The wife argues, relying on the holding in Peterson v. Goldberg, 180 A.D.2d 260, 585 N.Y.S.2d 439 [1992], lv. dismissed 81 N.Y.2d 835, 595 N.Y.S.2d 397, 611 N.E.2d 298 [1993], that her claim may proceed because her right to an award of interim counsel fees is “vested.”   However, that case is distinguishable.   In Peterson, the husband moved to Florida and the wife commenced a divorce action in New York, where they had resided.   Subsequent to the commencement of the New York action, the husband obtained an ex parte judgment of divorce in Florida.   He moved for summary judgment in the New York action, stating that the parties were already divorced pursuant to the Florida proceeding.   The New York court dismissed the claim for a divorce, but converted the action into one for equitable distribution following a foreign judgment of divorce, pursuant to Domestic Relations Law section 236(B)(2).   Then, the wife died.   The husband claimed that the action abated upon her death, but the Second Department disagreed.   It noted that a cause of action for equitable distribution following a foreign judgment of divorce vests upon the entry of the foreign judgment.   It stated that “[c]onsequently, if a party dies in possession of a vested right to equitable distribution, and that right has been asserted during the party's lifetime in an action in a court of this State, that right survives the party's death and may be asserted by the estate” (180 A.D.2d at 263, 585 N.Y.S.2d 439).   Significantly, the court distinguished the claim for equitable distribution from “a cause of action for a divorce, which is personal to a party and which thus abates on that party's death, because death terminates the marital relationship.” (id., citing Cornell v. Cornell, 7 N.Y.2d 164, 196 N.Y.S.2d 98, 164 N.E.2d 395 [1959], supra ).

Similarly unavailing to the wife is her citation to Dembitzer v. Rindenow, 35 A.D.3d 791, 828 N.Y.S.2d 139 [2006].   There, too, the wife died after entry of a judgment of divorce, but while her motion to enforce the husband's child support obligation, and the husband's cross motion for a reduction of support arrears, were pending.   The Court, again the Second Department, rejected the husband's argument that his ex-wife's death impacted his obligation to pay the arrears, stating that “the obligation to pay child support survives the death of the custodial parent.”  (35 A.D.3d at 793, 828 N.Y.S.2d 139).

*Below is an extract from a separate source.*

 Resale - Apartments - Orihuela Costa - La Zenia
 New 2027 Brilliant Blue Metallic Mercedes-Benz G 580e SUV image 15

 While there are strong public policy reasons for that rule, there is no reason for a rule providing that the right to seek pendente lite counsel fees survives the death of a party to a divorce action.   The purpose of pendente lite relief counsel fees is to level the playing field, to sustain the nonmonied spouse pending resolution of a divorce action so a fair result can be reached (see O'Shea v. O'Shea, 93 N.Y.2d 187, 193, 689 N.Y.S.2d 8, 711 N.E.2d 193 [1999] ).   Once, as here, the action abates, any concerns about the nonmonied spouse's ability to litigate on a level playing field no longer exist.   Accordingly, there is no reason for the court to retain jurisdiction over the application for interim counsel fees, notwithstanding the abatement of the action.